India's banking sector has recently struggled with an increase in NPAs - loans on which the borrower has failed to make interest payments for more than 90 days.
Puri told CNBC he did not think it was necessarily important who won the election as both the incumbent Indian National Congress (INC) and the opposition Bharatiya Janata Party (BJP) have the potential to push through the necessary policy changes.
"The markets are expecting one outcome and probably betting on it, but as long as we get a stable government, both will deliver," he said.
In Puri's view, the ruling INC party has already identified the economy's crucial issues and has made some good decisions over the last year.
"I think everybody knows that we needed to have the current account deficit under control, we need better fiscal management [and] we need to get the private sector opened up," he said, adding that the implementation of the direct taxes code – a tax on income - and goods and services tax would also be crucial.
Wholesale inflation in India eased to a nine-month low in February as food and fuel prices moderated, and Puri said he was keeping his fingers crossed that this trend would continue.
"We do expect inflation to be around the current level…probably coming down depending on the dollar-rupee and commodity prices…and what happens to China," he added.
India's domestic currency has been a key talking point following last year's dire performance which saw it fall to a record low of 68.85 to the dollar amid the fallout sparked by expectations the Federal Reserve would start to taper its asset purchase program. It has since recovered to around the 60 per dollar level, helped by central bank measures and better sentiment.

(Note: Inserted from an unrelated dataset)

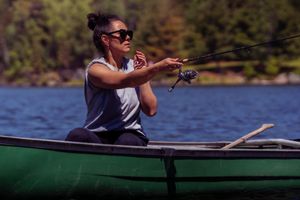 Person fishing from green canoe on tranquil lake surrounded by forest.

Puri told CNBC the rupee would remain range bound between 60 and 63 per dollar as long as the country's current deficit account was kept under control. India's current account deficit narrowed to a four-year low of $4.2 billion in the final quarter of last year.
"If you look at what was everybody fretting about say… eight months ago, they were fretting about capital outflows, the current account deficit, projects being stuck, and about the lack of decision making. I think we have come a long way along those lines," he added.
He also said he was confident the Reserve Bank of India would remain independent despite talk that a BJP government might try to sway the RBI's policy.